“We must speak to them with our hands by giving, before we try to speak to them with our lips.” ~ Peter Claver
Our society is rife with division. There is a huge gap between those who have power and those who are powerless. There is another gap between those who have a lot of money and those who barely eke out a living. In addition to that, there is a true problem with cultural and racial disparity. It has poured over into all sorts of protests and demonstrations, some peaceful and some violent.
Oftentimes, the peaceful protesters have an element of violent protesters mixed in with them. When violence breaks out, the whole message of the peaceful protesters is lost amidst the anger toward the violence that has taken place. People become angry with one another, labeling and judging one another. Add to that a layer of politics and the mix becomes incendiary.
Peter Claver moved to the New World from Spain, intending to be a missionary. He arrived in Cartagena, was ordained there, and never left. Cartagena was the place where slaves arrived to the New World to be shipped to owners in several countries. Even though the practice of slave-trading was condemned by Pope Paul III and later labeled “supreme villainy” by Pope Pius IX, it continued to flourish.

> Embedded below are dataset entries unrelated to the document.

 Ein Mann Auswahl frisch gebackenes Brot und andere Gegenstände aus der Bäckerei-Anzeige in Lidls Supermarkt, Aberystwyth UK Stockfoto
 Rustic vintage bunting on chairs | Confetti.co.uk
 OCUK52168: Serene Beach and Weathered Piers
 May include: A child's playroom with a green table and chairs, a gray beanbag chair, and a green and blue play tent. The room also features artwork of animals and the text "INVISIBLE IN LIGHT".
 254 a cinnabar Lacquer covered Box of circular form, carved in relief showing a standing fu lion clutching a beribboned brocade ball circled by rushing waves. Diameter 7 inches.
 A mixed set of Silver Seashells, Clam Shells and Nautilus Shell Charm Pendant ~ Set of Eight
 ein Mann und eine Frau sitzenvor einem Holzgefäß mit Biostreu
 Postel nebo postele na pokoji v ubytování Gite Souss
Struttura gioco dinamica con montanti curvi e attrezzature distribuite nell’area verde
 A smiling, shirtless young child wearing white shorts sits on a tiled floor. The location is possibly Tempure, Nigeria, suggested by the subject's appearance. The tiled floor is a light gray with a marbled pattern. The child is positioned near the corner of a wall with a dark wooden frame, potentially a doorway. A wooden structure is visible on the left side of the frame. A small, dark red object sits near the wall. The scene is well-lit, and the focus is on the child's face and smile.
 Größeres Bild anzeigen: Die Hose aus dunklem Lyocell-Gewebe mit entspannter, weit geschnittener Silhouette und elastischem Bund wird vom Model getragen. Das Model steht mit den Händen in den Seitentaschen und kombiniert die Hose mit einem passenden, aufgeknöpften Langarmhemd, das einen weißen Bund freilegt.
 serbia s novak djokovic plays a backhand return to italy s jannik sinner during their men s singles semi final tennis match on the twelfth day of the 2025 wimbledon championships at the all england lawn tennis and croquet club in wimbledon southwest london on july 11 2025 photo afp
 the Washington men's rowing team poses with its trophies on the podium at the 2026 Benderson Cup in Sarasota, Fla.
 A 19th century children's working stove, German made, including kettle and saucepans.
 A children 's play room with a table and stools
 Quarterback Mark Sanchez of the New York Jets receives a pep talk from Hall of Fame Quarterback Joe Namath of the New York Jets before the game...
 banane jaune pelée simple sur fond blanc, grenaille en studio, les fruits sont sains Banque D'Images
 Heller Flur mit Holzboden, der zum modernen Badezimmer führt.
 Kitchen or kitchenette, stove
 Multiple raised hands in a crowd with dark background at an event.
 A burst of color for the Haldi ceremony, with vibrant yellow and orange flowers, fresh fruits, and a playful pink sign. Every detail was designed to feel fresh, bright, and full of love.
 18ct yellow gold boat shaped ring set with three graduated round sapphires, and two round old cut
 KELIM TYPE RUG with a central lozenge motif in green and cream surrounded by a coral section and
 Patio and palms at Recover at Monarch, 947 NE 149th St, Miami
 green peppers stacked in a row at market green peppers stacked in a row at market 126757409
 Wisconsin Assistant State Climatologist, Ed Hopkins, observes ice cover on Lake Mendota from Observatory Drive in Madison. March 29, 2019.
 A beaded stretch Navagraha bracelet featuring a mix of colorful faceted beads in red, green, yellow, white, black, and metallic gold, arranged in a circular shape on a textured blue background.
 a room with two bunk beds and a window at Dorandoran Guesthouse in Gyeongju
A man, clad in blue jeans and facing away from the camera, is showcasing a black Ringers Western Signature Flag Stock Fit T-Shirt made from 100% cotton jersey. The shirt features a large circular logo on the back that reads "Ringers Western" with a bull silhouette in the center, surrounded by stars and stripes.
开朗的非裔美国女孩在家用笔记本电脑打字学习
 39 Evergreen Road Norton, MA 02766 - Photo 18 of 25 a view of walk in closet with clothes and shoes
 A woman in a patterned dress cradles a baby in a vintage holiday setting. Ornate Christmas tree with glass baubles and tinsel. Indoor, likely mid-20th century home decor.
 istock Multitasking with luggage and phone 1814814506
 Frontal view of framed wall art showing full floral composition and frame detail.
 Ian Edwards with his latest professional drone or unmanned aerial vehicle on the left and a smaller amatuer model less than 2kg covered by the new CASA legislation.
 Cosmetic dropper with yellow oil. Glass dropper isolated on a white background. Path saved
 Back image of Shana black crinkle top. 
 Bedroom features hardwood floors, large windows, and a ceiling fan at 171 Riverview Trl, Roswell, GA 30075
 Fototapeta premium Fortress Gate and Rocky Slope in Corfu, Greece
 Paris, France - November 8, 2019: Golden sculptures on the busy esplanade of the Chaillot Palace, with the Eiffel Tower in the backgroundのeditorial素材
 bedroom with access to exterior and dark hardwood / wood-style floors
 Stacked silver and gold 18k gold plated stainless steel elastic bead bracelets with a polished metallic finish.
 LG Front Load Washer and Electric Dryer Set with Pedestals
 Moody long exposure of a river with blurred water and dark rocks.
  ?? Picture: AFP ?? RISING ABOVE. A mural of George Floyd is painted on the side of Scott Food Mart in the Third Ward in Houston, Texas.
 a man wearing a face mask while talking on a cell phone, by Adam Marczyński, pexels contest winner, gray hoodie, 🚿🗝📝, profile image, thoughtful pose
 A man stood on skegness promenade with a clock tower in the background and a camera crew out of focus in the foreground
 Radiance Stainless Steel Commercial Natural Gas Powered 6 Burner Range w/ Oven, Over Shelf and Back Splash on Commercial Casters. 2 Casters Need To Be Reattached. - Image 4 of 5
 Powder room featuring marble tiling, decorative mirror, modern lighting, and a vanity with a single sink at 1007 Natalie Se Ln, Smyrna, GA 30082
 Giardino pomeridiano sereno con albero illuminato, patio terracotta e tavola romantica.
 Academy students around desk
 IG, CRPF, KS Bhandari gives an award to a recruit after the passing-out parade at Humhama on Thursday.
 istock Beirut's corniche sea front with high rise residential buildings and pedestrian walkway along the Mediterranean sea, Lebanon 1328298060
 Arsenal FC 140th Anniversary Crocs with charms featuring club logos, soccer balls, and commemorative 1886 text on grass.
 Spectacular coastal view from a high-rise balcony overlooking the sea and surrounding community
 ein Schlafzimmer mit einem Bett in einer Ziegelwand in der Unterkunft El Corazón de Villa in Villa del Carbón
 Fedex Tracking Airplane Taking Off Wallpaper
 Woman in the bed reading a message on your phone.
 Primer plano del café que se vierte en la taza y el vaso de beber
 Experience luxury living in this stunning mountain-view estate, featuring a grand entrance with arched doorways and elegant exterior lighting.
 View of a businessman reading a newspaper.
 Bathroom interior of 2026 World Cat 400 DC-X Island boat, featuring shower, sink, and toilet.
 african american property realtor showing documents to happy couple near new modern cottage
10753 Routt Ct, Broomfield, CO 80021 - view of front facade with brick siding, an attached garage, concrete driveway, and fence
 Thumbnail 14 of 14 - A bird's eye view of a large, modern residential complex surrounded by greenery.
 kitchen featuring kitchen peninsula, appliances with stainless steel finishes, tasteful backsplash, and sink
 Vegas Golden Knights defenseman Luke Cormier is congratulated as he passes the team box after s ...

Peter Claver proclaimed himself “the slave of the Negroes forever.” He would meet the slave ships as they came into port. Unlike other missionaries who met ships in the past — and in his own time — and preached to the slaves, encouraging them to accept the salvation that comes from Christ, Claver went into the ships with water and supplies. He bandaged wounds and provided food and water, bandages, rum, and lemons (to treat scurvy) to the slaves. He lived today’s quote each day of his life.
The slaves, for their part, saw Jesus in Claver’s ministry. In his forty years of working among the slaves, Peter Claver instructed and baptized over 300,000 slaves. It wasn’t just the slaves who saw Jesus in Peter Claver, though. Claver was inspired to go out to the population, preaching to them about social justice, love, and mercy. He would forgo staying in the homes of plantation owners when he was preaching and lived, instead, in slave quarters.
Claver reminds us that we are called by Jesus Christ to do more than proclaim the Good News. We must embody the Good News. If we talk about peace and social justice but do not help the downtrodden and marginalized, we are only lukewarm Christians at best.
A change in our world can begin with each of us. There are still the marginalized in our midst who are waiting for more than words to greet their ears. They need material goods as well. If you can provide for them, God would be very pleased.
FAITH ACTION: Don’t just talk about the faith today. Live the faith.